Tuesday, December 27, 2022

What we have learned, 2022

In this annual tradition, we take stock of The Year That Was in astrophysics. A day late for Mars but we're on an 365.256-day sidereal plan here.

On a personal note my eyesight deteriorated, so in June I got readers. Lenses great; frames brittle, so I got another set last fall. Which turned out to be too strong. So that's what I use to read on the road. Also a few weeks after June this laptop died and

The biggest deal for my Venus project was the Jacobi Integral, stumbled upon last month but sussed only last weekend, giftwrapped best-I-can-tell by the sainted Myrene Bishop himself. I can also thank Gereshes' one example although I assert I have explained things better than he did. NO thanks AT ALL are due to the Wikipedians nor to the Wolframites who fell down on providing any useful code nor even the basic units we need; all Wolfram could do was to buttress Gereshes. Even Gereshes split his takes across multiple sites mainly posting hypnotic animated GIFs over explanation. This has led to updates of the SV-Hilda project.

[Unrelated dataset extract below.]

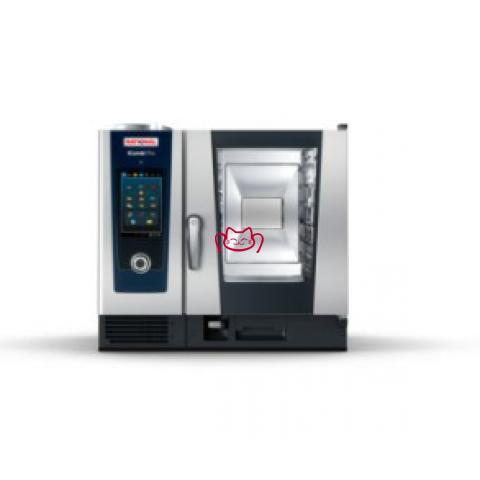 RATIONAL  ICP61E  六层万能蒸烤...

Although I didn't study Molniya orbits I did find out about them. Expect a rethink of several pages here, like how Venus high-orbit interfaces with itself and with L4/L5.

As for material science I found that ramjets tend, er, to melt. That's intransitive, not just transitive. That affects the Pluto system for Venus and, indeed, potential uses for nonnuclear-heated systems of that sort (because Venus high-altitude might use solar, not plutonium). We also bought a book from 2020 which suggested balloons fit for spaceporting on both our worlds. We reconsidered the use of toxic Hg both for propellant (interplanetary only) and for solar-power.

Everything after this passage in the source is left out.